Une cinquantaine d’organisations américaines de défense des libertés civiles ont exprimé, mardi 18 octobre, leur « profonde inquiétude » concernant l’usage des technologies de reconnaissance faciale par la police et le FBI. Dans une lettre commune adressée au ministère de la justice, ces organisations, parmi lesquelles la puissante American Civil Liberties Union (ACLU) ou encore Amnesty International USA, demandent des enquêtes sur les pratiques des polices locales qui ont recours à ce type de logiciel.
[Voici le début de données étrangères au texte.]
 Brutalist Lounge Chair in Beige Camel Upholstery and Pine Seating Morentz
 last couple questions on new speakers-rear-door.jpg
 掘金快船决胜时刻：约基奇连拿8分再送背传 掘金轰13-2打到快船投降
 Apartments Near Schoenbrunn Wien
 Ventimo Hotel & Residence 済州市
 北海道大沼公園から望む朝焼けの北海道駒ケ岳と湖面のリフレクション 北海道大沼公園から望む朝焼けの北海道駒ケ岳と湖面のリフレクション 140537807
« Les technologies de reconnaissance faciale sont de plus en plus utilisées dans le cadre d’activités policières courantes, avec un impact potentiel sur toutes les juridictions américaines. Et pourtant, les garde-fous pour s’assurer que cette technologie est utilisée avec responsabilité semblent quasiment inexistants. »

Les inquiétudes de cette coalition reposent notamment sur une étude menée par le Center of privacy and technology de l’université de Georgetown Law, et publiée le même jour. On y apprend que la moitié des Américains adultes auraient fait l’objet d’une reconnaissance faciale de la part des autorités, pour des raisons extrêmement variées, allant de la vérification d’identité d’une personne arrêtée à l’analyse en temps réel de piétons filmés par une caméra de surveillance.

Des technologies « biaisées »

L’ACLU avait par exemple révélé la semaine dernière que la police de Baltimore avait utilisé ce type de logiciel sur des images issues des réseaux sociaux, pour identifier les personnes ayant participé au mouvement de protestation ayant suivi la mort de Freddie Gray, un jeune homme noir tué par un policier en avril 2015.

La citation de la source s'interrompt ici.